Lady Gaga, Stigma and Surviving…

Erica's Camera 5.17.17 4427This winter Lady Gaga told the press that she has PTSD because she was sexually assaulted at age 19, and someone told me what people were saying about the news in town.

“Who does she think she is?” one guy apparently said. “She never fought in a war!” His friend agreed and scoffed at Lady Gaga.

Those words hit me in the gut. I too have PTSD because of sexual assault — and many other incidents of abuse and trauma. There’s clearly a stigma against survivors of sexual violence and there’s also stigma against people wresting with a mental illness like PTSD. Those two stigmas come together to create a unique breed of awfulness.

That stigma says that traumas I have experienced are my fault. Resulting injuries (especially mental injuries like PTSD) should be hidden because who wants to advertise that they are basically weak? Besides, the mental disability confirms that the problem was me in the first place; clearly I was a little crazy all along. I have placed myself beyond the community’s sympathy and protection.

It’s not true. None of that is true. The voice of that stigma is just as disgusting as the abuse itself, and it walks hand in hand with violence against women, justifying it and allowing it to continue.  If survivors are seen as responsible for domestic and sexual violence of violence, then we will never be able to confront the real source of the problem – which is the behavior of abusers and the culture that supports that behavior.
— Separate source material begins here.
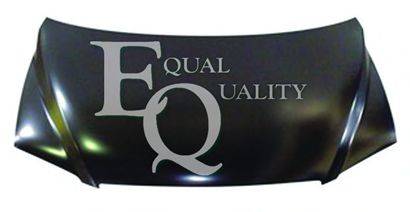 EQUAL QUALITY L03618 Капот двигуна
The problem has never been that many of us have come through hell and stood at the edge of the abyss and have gone on to throw ourselves into the work of building fruitful lives with the gut-wrenching effort of scaling a cliff. We sometimes fall or get hurt, and sometimes we look awkward or defeated. With the drive of Olympic athletes, we keep trying. We are, after all, survivors.

We are not the problem. Not me. Not Lady Gaga. Not the throngs of us who are in the same situation, fighting this fight every day as if it were a solitary struggle instead of some hidden, undeclared war right here in our homes and our communities. Survivors have plenty of comrades, even if our shared experience is not always visible. We are here, and as much as it feels otherwise, we are not alone.

Stigma survives because people are afraid. They don’t want to confront their own vulnerability to hurting others or to being hurt by others. Staying in denial is easier, and it lets people feel strong. Feeling strong is not the same as being strong though. We show our strength by looking at the truth, even if it isn’t attractive, and then taking our wounded selves to that sheer cliff and trying again to climb it.